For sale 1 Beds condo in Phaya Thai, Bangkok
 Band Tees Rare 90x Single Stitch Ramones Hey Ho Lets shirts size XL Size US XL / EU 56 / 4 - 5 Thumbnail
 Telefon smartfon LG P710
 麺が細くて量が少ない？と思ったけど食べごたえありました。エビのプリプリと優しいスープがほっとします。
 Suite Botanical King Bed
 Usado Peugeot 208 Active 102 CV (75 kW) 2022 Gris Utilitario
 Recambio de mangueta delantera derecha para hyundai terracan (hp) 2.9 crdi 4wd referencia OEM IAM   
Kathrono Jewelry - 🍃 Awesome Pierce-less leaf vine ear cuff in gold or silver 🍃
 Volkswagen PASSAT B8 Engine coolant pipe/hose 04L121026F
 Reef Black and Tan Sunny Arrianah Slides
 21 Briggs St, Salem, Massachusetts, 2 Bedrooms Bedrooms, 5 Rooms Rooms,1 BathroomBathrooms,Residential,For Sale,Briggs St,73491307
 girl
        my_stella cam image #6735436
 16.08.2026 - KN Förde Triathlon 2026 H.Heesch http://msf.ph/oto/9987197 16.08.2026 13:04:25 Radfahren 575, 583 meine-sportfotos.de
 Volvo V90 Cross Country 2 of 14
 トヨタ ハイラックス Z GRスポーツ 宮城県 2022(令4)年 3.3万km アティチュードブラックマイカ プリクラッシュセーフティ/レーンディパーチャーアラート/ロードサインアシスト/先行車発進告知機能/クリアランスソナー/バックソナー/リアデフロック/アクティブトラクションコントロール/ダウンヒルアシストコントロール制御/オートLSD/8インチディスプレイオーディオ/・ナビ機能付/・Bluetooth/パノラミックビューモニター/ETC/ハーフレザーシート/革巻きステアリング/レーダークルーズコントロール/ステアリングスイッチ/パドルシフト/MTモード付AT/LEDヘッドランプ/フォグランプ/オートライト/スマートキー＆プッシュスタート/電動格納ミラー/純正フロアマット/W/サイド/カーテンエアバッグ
━━━━━━━━
Task instructions:
Return the full material unchanged.

Exercise answer:
For sale 1 Beds condo in Phaya Thai, Bangkok
 Band Tees Rare 90x Single Stitch Ramones Hey Ho Lets shirts size XL Size US XL / EU 56 / 4 - 5 Thumbnail
 Telefon smartfon LG P710
 麺が細くて量が少ない？と思ったけど食べごたえありました。エビのプリプリと優しいスープがほっとします。
 Suite Botanical King Bed
 Usado Peugeot 208 Active 102 CV (75 kW) 2022 Gris Utilitario
 Recambio de mangueta delantera derecha para hyundai terracan (hp) 2.9 crdi 4wd referencia OEM IAM   
Kathrono Jewelry - 🍃 Awesome Pierce-less leaf vine ear cuff in gold or silver 🍃
 Volkswagen PASSAT B8 Engine coolant pipe/hose 04L121026F
 Reef Black and Tan Sunny Arrianah Slides
 21 Briggs St, Salem, Massachusetts, 2 Bedrooms Bedrooms, 5 Rooms Rooms,1 BathroomBathrooms,Residential,For Sale,Briggs St,73491307
 girl
        my_stella cam image #6735436
 16.08.2026 - KN Förde Triathlon 2026 H.Heesch http://msf.ph/oto/9987197 16.08.2026 13:04:25 Radfahren 575, 583 meine-sportfotos.de
 Volvo V90 Cross Country 2 of 14
 トヨタ ハイラックス Z GRスポーツ 宮城県 2022(令4)年 3.3万km アティチュードブラックマイカ プリクラッシュセーフティ/レーンディパーチャーアラート/ロードサインアシスト/先行車発進告知機能/クリアランスソナー/バックソナー/リアデフロック/アクティブトラクションコントロール/ダウンヒルアシストコントロール制御/オートLSD/8インチディスプレイオーディオ/・ナビ機能付/・Bluetooth/パノラミックビューモニター/ETC/ハーフレザーシート/革巻きステアリング/レーダークルーズコントロール/ステアリングスイッチ/パドルシフト/MTモード付AT/LEDヘッドランプ/フォグランプ/オートライト/スマートキー＆プッシュスタート/電動格納ミラー/純正フロアマット/W/サイド/カーテンエアバッグ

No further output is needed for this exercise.